Web Cache Poisoning Is a Key Boundary Bug

Web cache poisoning is not mainly about whether a response is cached. It is about whether the cache key represents every input that can change that response.

The thirteen PortSwigger labs make this precise. The poisoned input changes across the series: forwarding headers, cookies, query strings, excluded UTM parameters, GET bodies, URL paths, language settings, CORS headers, and internal fragments. The invariant stays the same: the origin sees one request shape, the cache keys another.

The three questions

For any candidate endpoint, ask:

What proves cache reuse?
Which inputs influence the response?
Which of those inputs are absent, transformed, or incorrectly escaped in the key?

X-Cache, Age, and Pragma: x-get-cache-key are oracles. A cache buster is a safety rail while testing. Without one, you can mistake your own poisoned object for a reliable primitive.

Unkeyed inputs are direct poison

The simplest labs use unkeyed headers and cookies. X-Forwarded-Host changes a script import:

<script src="//HOST/resources/js/tracking.js"></script>

If the cache ignores that header, the homepage can be cached with an attacker-controlled script origin.

The cookie variant is the same failure in JavaScript-string form:

Cookie: fehost=someString"-alert(1)-"someString

The multiple-header lab is a useful reminder: some bugs only appear when two inputs are combined. One header triggers a redirect; another controls the redirect host.

Parser disagreement expands the surface

The implementation labs are more interesting because the input may appear keyed at first.

An excluded analytics parameter can still be dangerous when the page reflects the full URL:

GET /?utm_content='/><script>alert(1)</script>

Parameter cloaking uses a ; disagreement. The cache treats the following as one excluded parameter, while the backend sees a second JSONP callback:

GET /js/geolocate.js?callback=setCountryCookie&utm_content=foo;callback=alert(1)

Fat GET is the same class with a different boundary: the backend reads a GET body, the cache key does not.

Normalization turns edge cases into impact

URL normalization is what makes several expert cases practical. A raw path can be cached by a proxy and later reached by a browser through its encoded equivalent. A backslash can become a forward slash at one layer but remain a cacheable redirect at another.

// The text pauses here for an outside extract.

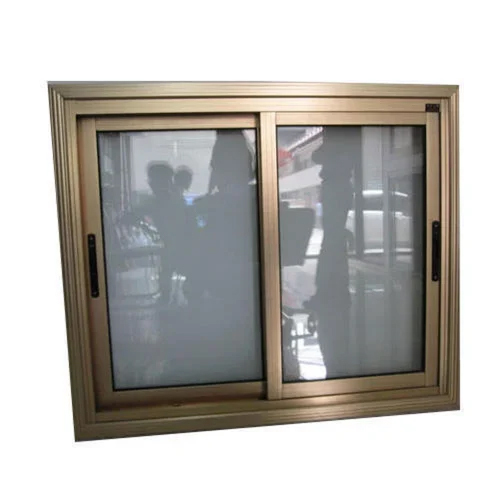 Designer Aluminium Sliding Window - Aluminum, Customized Size, Sleek Grey Color | Easy One-Hand Operation, Powder Coated Finish, Fiberglass Screen Netting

The internal-cache lab adds one more layer: the outer cache keys on the query string, but an internal fragment cache ignores it. Repeated requests eventually poison only the fragment that emits a JavaScript URL.

Cache key injection is delimiter abuse

The expert cache-key-injection lab is the densest chain:

an excluded utm_content parameter;
client-side parameter pollution into /js/localize.js;
response header injection through origin when cors=1;
cache-key delimiter injection that lets URL content impersonate a keyed header component.

The important lesson is not the exact string. It is that cache keys built by concatenating components must escape delimiters structurally. A key is data, not a log line.

Defender notes

Hardening:

include every response-influencing input in the key, or do not cache the response;
strip untrusted X-Forwarded-*, Forwarded, X-Host, and X-Original-URL headers at the edge;
keep cache and origin URL normalization identical;
avoid caching reflected error pages, login redirects, personalized content, and Set-Cookie responses;
encode cache key components structurally instead of joining strings with delimiters;
pin script and JSON origins, and validate third-party JSON before it reaches DOM sinks.

Detection:

repeated miss -> hit cycles with unusual forwarding headers;
public cached HTML/JS/JSON containing external hosts, %0d%0a, event handlers, or alert(;
Pragma: x-get-cache-key and header-guessing traffic;
cached JavaScript or JSON resources that differ from origin baselines;
poisoning attempts inside rare Vary buckets such as one specific User-Agent.

The durable rule is that cache behavior is application behavior. Treat the cache key like an authorization decision: incomplete inputs create cross-user trust failures.